**Problem to solve**
Each record below should be written out again exactly as given.

**Records provided**

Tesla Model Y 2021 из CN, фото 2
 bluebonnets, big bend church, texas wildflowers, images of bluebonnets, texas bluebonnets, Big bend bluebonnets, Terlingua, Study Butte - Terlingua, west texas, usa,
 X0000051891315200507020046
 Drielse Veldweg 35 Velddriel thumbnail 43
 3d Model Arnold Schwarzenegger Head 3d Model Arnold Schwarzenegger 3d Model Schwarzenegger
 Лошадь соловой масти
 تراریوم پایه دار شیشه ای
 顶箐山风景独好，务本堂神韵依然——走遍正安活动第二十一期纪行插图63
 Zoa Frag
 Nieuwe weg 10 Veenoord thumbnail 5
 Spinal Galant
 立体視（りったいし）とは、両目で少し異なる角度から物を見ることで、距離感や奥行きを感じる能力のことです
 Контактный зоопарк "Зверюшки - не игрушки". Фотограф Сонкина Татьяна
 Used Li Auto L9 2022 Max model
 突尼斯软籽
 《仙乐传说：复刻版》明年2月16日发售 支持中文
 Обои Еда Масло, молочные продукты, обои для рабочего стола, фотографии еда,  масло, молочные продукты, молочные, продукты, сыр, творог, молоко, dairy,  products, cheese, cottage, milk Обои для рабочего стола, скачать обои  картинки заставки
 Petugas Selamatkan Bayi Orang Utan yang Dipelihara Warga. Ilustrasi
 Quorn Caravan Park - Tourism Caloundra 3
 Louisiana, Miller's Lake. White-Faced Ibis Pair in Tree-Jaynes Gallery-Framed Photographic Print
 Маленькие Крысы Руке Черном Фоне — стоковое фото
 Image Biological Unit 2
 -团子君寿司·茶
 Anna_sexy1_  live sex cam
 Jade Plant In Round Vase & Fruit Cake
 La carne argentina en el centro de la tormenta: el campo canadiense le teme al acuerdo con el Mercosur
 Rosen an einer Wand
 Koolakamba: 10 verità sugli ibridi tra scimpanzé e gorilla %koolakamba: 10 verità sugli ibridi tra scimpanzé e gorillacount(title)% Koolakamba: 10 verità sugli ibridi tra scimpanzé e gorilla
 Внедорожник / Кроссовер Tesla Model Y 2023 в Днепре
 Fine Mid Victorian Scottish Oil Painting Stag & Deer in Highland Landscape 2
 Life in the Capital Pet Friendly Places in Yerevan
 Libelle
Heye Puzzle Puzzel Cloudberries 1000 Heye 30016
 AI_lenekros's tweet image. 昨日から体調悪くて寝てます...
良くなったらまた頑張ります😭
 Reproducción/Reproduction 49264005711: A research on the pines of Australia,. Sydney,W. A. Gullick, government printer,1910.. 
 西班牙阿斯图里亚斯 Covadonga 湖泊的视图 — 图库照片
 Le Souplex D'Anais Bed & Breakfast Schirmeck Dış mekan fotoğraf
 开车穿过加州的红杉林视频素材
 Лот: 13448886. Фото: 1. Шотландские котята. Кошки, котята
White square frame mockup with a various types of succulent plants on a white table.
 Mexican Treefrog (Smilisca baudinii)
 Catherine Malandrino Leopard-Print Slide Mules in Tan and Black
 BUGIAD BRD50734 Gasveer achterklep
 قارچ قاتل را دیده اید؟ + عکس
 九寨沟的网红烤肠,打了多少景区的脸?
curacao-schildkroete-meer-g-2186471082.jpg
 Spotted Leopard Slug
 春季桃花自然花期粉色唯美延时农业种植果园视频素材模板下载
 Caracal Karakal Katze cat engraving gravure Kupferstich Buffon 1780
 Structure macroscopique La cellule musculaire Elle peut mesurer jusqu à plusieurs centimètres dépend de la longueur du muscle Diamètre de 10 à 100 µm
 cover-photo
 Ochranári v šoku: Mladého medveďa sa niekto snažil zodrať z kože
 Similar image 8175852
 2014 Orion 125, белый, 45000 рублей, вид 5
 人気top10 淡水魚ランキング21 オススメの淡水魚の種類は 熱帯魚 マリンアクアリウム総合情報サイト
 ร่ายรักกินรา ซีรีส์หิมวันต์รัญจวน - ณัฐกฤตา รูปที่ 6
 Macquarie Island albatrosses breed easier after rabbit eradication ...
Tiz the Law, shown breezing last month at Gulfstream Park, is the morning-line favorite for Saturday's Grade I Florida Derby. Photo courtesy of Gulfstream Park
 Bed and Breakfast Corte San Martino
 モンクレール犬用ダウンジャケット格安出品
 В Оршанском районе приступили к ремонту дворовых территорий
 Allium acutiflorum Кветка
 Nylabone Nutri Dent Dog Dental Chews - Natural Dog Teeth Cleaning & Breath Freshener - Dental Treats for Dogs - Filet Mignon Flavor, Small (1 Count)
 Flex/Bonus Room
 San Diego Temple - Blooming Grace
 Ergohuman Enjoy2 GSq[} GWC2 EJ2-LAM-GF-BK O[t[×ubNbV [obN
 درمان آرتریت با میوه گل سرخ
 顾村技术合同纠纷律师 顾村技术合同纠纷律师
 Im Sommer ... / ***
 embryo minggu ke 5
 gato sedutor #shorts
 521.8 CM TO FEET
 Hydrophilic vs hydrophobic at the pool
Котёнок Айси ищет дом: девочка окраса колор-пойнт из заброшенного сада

**Answer for this exercise**
Tesla Model Y 2021 из CN, фото 2
 bluebonnets, big bend church, texas wildflowers, images of bluebonnets, texas bluebonnets, Big bend bluebonnets, Terlingua, Study Butte - Terlingua, west texas, usa,
 X0000051891315200507020046
 Drielse Veldweg 35 Velddriel thumbnail 43
 3d Model Arnold Schwarzenegger Head 3d Model Arnold Schwarzenegger 3d Model Schwarzenegger
 Лошадь соловой масти
 تراریوم پایه دار شیشه ای
 顶箐山风景独好，务本堂神韵依然——走遍正安活动第二十一期纪行插图63
 Zoa Frag
 Nieuwe weg 10 Veenoord thumbnail 5
 Spinal Galant
 立体視（りったいし）とは、両目で少し異なる角度から物を見ることで、距離感や奥行きを感じる能力のことです
 Контактный зоопарк "Зверюшки - не игрушки". Фотограф Сонкина Татьяна
 Used Li Auto L9 2022 Max model
 突尼斯软籽
 《仙乐传说：复刻版》明年2月16日发售 支持中文
 Обои Еда Масло, молочные продукты, обои для рабочего стола, фотографии еда,  масло, молочные продукты, молочные, продукты, сыр, творог, молоко, dairy,  products, cheese, cottage, milk Обои для рабочего стола, скачать обои  картинки заставки
 Petugas Selamatkan Bayi Orang Utan yang Dipelihara Warga. Ilustrasi
 Quorn Caravan Park - Tourism Caloundra 3
 Louisiana, Miller's Lake. White-Faced Ibis Pair in Tree-Jaynes Gallery-Framed Photographic Print
 Маленькие Крысы Руке Черном Фоне — стоковое фото
 Image Biological Unit 2
 -团子君寿司·茶
 Anna_sexy1_  live sex cam
 Jade Plant In Round Vase & Fruit Cake
 La carne argentina en el centro de la tormenta: el campo canadiense le teme al acuerdo con el Mercosur
 Rosen an einer Wand
 Koolakamba: 10 verità sugli ibridi tra scimpanzé e gorilla %koolakamba: 10 verità sugli ibridi tra scimpanzé e gorillacount(title)% Koolakamba: 10 verità sugli ibridi tra scimpanzé e gorilla
 Внедорожник / Кроссовер Tesla Model Y 2023 в Днепре
 Fine Mid Victorian Scottish Oil Painting Stag & Deer in Highland Landscape 2
 Life in the Capital Pet Friendly Places in Yerevan
 Libelle
Heye Puzzle Puzzel Cloudberries 1000 Heye 30016
 AI_lenekros's tweet image. 昨日から体調悪くて寝てます...
良くなったらまた頑張ります😭
 Reproducción/Reproduction 49264005711: A research on the pines of Australia,. Sydney,W. A. Gullick, government printer,1910.. 
 西班牙阿斯图里亚斯 Covadonga 湖泊的视图 — 图库照片
 Le Souplex D'Anais Bed & Breakfast Schirmeck Dış mekan fotoğraf
 开车穿过加州的红杉林视频素材
 Лот: 13448886. Фото: 1. Шотландские котята. Кошки, котята
White square frame mockup with a various types of succulent plants on a white table.
 Mexican Treefrog (Smilisca baudinii)
 Catherine Malandrino Leopard-Print Slide Mules in Tan and Black
 BUGIAD BRD50734 Gasveer achterklep
 قارچ قاتل را دیده اید؟ + عکس
 九寨沟的网红烤肠,打了多少景区的脸?
curacao-schildkroete-meer-g-2186471082.jpg
 Spotted Leopard Slug
 春季桃花自然花期粉色唯美延时农业种植果园视频素材模板下载
 Caracal Karakal Katze cat engraving gravure Kupferstich Buffon 1780
 Structure macroscopique La cellule musculaire Elle peut mesurer jusqu à plusieurs centimètres dépend de la longueur du muscle Diamètre de 10 à 100 µm
 cover-photo
 Ochranári v šoku: Mladého medveďa sa niekto snažil zodrať z kože
 Similar image 8175852
 2014 Orion 125, белый, 45000 рублей, вид 5
 人気top10 淡水魚ランキング21 オススメの淡水魚の種類は 熱帯魚 マリンアクアリウム総合情報サイト
 ร่ายรักกินรา ซีรีส์หิมวันต์รัญจวน - ณัฐกฤตา รูปที่ 6
 Macquarie Island albatrosses breed easier after rabbit eradication ...
Tiz the Law, shown breezing last month at Gulfstream Park, is the morning-line favorite for Saturday's Grade I Florida Derby. Photo courtesy of Gulfstream Park
 Bed and Breakfast Corte San Martino
 モンクレール犬用ダウンジャケット格安出品
 В Оршанском районе приступили к ремонту дворовых территорий
 Allium acutiflorum Кветка
 Nylabone Nutri Dent Dog Dental Chews - Natural Dog Teeth Cleaning & Breath Freshener - Dental Treats for Dogs - Filet Mignon Flavor, Small (1 Count)
 Flex/Bonus Room
 San Diego Temple - Blooming Grace
 Ergohuman Enjoy2 GSq[} GWC2 EJ2-LAM-GF-BK O[t[×ubNbV [obN
 درمان آرتریت با میوه گل سرخ
 顾村技术合同纠纷律师 顾村技术合同纠纷律师
 Im Sommer ... / ***
 embryo minggu ke 5
 gato sedutor #shorts
 521.8 CM TO FEET
 Hydrophilic vs hydrophobic at the pool
Котёнок Айси ищет дом: девочка окраса колор-пойнт из заброшенного сада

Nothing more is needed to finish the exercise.